“This old baptismal font isn’t working well for us anymore.”

Once again, I found myself at the Cathedral of Our Lady of Lourdes in downtown Spokane Washington, “making marble great again,” as Father Connall jokingly proclaimed. As major renovations were already underway, the need to move the existing baptismal naturally led into the conversation of altering it to fit the church’s modern requirements and updated decor. Nothing too extreme, just carving out the bowl, going from a two-compartment “sink style” to a single larger and deeper one. And of course, the prerequisite cleaning and restoration of the decades of dirt, stains and scratches from all those years of service, dunkin’ babies and whatnot.

 

The bowl itself had an attached marble lid, which opened and closed using a large swivel pin, no longer wanted as part of the design. Removing it would not be a problem. However, on top sat a statue of Saint John the Baptist that was quite dear to Father Connall.

 

The statue was to be removed, restored, and given a new home somewhere in the Cathedral. But where?

As the other renovations, the new altar, stairs, pews and carpet concluded within the church, the freshly restored baptismal found its way back from our shop to its new location near the public entry.

 

Based on this location, I proposed a semi-circle partition of marble for John to sit on, circling the font with integrated niches containing the ornate glass jars of holy oils. Unfortunately, the concept didn’t get any traction due to the continued and valid concerns of potential vandalism that could occur.

 

Instead, Father Connall suggested a type of wall shelf, wanting to have the statue elevated, and he had the perfect spot in mind. A high-visibility area near the entry, yet still near the baptismal font.

With that, I put on my designer hat and started working on a concept that met the functional criteria yet looked as if it were an original piece of the church and not a contemporary “add-on.”

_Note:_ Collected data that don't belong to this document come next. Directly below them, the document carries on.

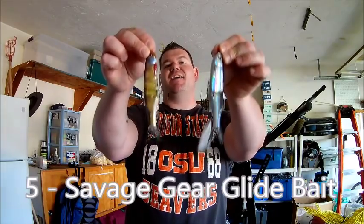It pisses them off. Salmon are extremely territorial, especially Chinook salmon. They don't like any other fish in their area. So when something gets too close to them, they hit it just to get it out of the area. With that being said, my number five favorite salmon lure is a glide bait.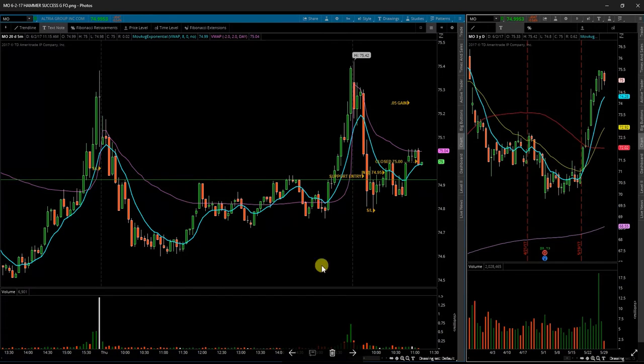Next up is MO, Altria, the tobacco company. Came down and opened up, sold off immediately — nothing to do on the opening. Waited for it to come all the way back down to where I was looking for a support entry. Got in once it broke above a slight base right here and rode it up to just about 75. Not a huge gain — made about 5 cents.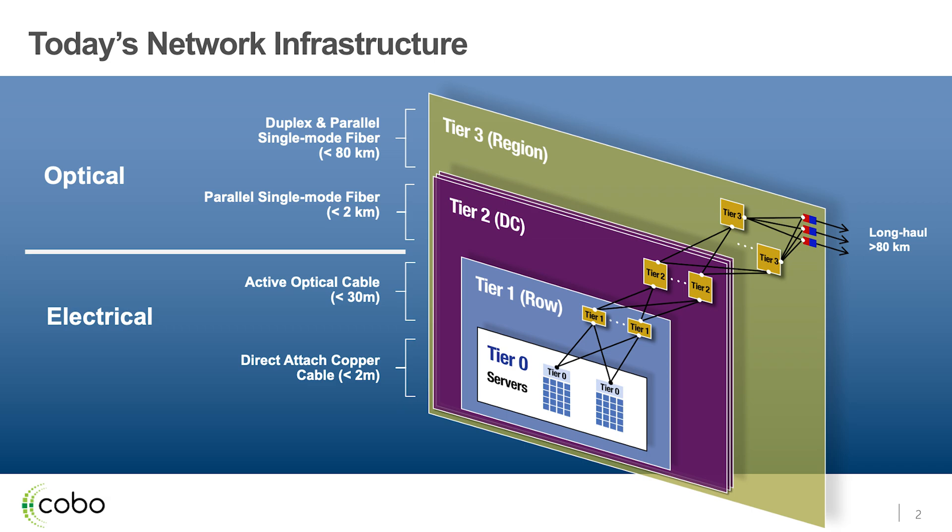It isn't really until we leave the rows or our clusters that we actually start using optics. In the case of Microsoft, we use a lot of parallel signal fiber — 100 gig parallel signal fiber. Eventually we will move towards 400 gig DR4. All these connections into these optical modules or into the DACs or into the AOCs are largely electrical connections, so the volume of optics we actually deal with is fairly small in a data center.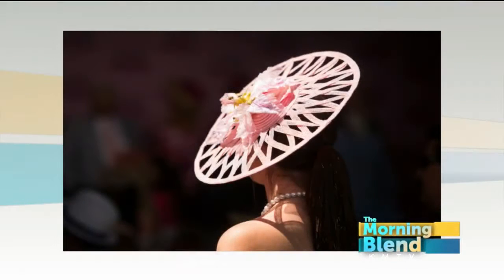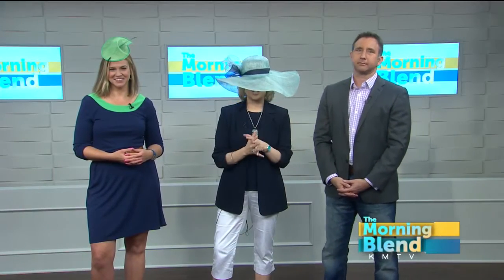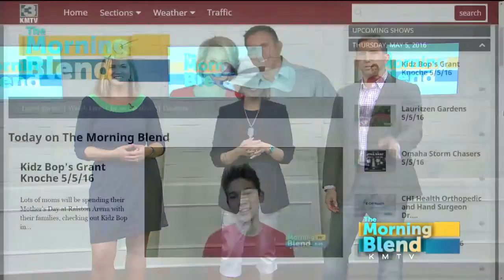One of the hats Margie designed for last year's Derby was featured in Vogue. There's also a Derby watch party that's part of the International at CenturyLink Center this weekend, where you'll see plenty of Margie's designs. She's also been featured at Omaha Fashion Week. She's a loyal viewer, so we wanted to honor her work in what Kayla calls the Super Bowl of Hats. You can read more about Margie on our website, omahamorningblend.com.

I won’t lie, I found the inspiration for it in about three seconds, Googling “recessed wall niche” on the prestigious and glamorous site of high-end design, Home Depot.

With the example I proposed, the shell motif had liturgical significance with the baptism ritual, according to Father Connall. Imagining John replacing Aphrodite occupying the printed illustration was the only mental obstacle, so there wasn’t much design back and forth. Just some CAD manipulation of the dimensions, making it fit the space and the statue, and we were in business.

Unlike the Bianco Carrara marble we used at the front altar, the existing baptismal was created from white marble with minimal veining. We provided stone from another Italian quarry a few miles south of Carrara, Bianco Altissimo, as a suitable match.

An 8″ thick slab was machined through several CNC processes, resulting in a semi-finished piece finessed to life with a sculptor’s hand. (I know a guy.)

Once I refined the details, polishing began. Sanding the marble and my fingers down to the bone left me with a glistening piece of holy stonework ready for installation.

Our installers had the unpleasant task of pocketing a recessed cavity into the brick and plaster wall to accommodate the niche. Care was taken to tent the area air-tight, working with multiple vacuums to ensure not a speck of dust escaped into the Cathedral.

With the niche now installed in its permanent place, St. John has officially retired, spending eternity gazing from the vantage of his new estate, a front-row seat witnessing the rebirth of the next generation of faithful Catholics in this beautiful and historic Cathedral.